Peripheral/IO Registers:

  • The tightly coupled support units are accessed by the QPU using peripheral registers.
  • r4 is typically the result of a maths functional unit (log, exp, etc) or a texture fetch.
  • ra32...ra63 to access vpm, unif, etc...
  • ra32...ra64 to access vpm, unif, etc... eg.
mov r0, unif  // load next uniform into r0

Predication: eg.

mov.nz r0, r1, r2 // r0 is only updated in those lanes with zero flag not set
bra.anyz ... // branch is taken if any lane z flag is set
bra.allz ... // branch is taken if all lane's z flag is set

Rotator (lane shift)

  • Allows inter-lane data access, eg.
mov r0, r1 << 8 // r0 = [r1:8, r1:9, ..., r1:7] // not to be confused with bit shift

Packer/Unpacker

  • Allow exchange of data between packed byte and float formats etc.

Memory Access:

  • No direct loads and stores to memory.

  • Random access reads via texture lookup

mov t0s, address 
...
  as many instructions as you can here to hide latency of up to 16 fetches
...
<addop>; <mulop> ; ldtmu0 // texture value available in r4 in next cycle
mov r0, r4  // texture/memory result returns via r4 = [ *address:0, *address:1, ..., *address:15 ]
  • Common (same value per SIMD lane) sequential reads via Uniforms. eg
mov r0, unif  // u = *unif++; r0 = [u, u, ...., u ]
  • Individual (unique value per SIMD lane) sequential reads via VPM.
mov r0, vpm // r0 = [*(vpm + vertex_stride*0), ..., *(vpm+vertex_stride*15], vpm += attribute_step
  • Individual (unique value per SIMD lane) squential writes via VPM.
mov vpm, r0 // *(vpm + vertex_stride*0) = r0:0, ... *(vpm + vertex_stride*1) = r0:15, vpm += attribute_step 
  • VPM management is explicit.
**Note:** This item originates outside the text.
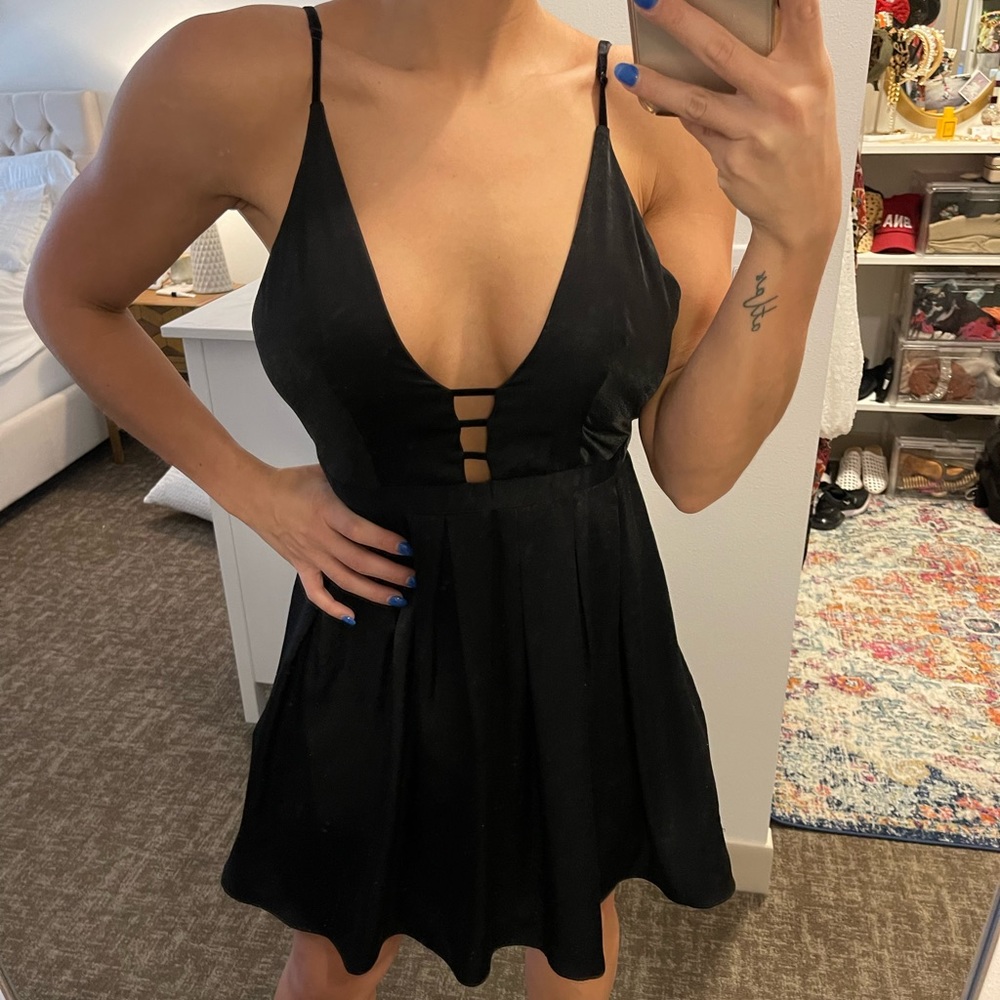 Black Free People Dress
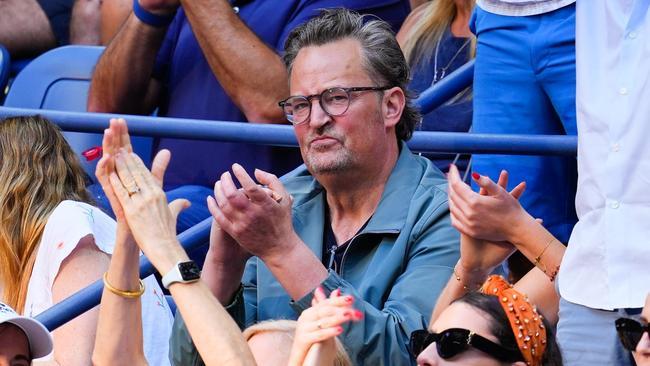 Matthew Perry attends the 2022 US Open. Picture: Gotham/GC Images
That is, it is typically transferred to and from L2/SDRAM in blocks using DMA. So a program typically DMAs data into VPM, processes it and writes new results to VPM, and then does a DMA transfer to place the result in L2/SDRAM.

  • Tile Buffer. The other main method of memory access for rasterization and blending is the tile buffer. By rendering the scene in tiles (locality), this saves round tripping through the memory hierarchy for framebuffer access.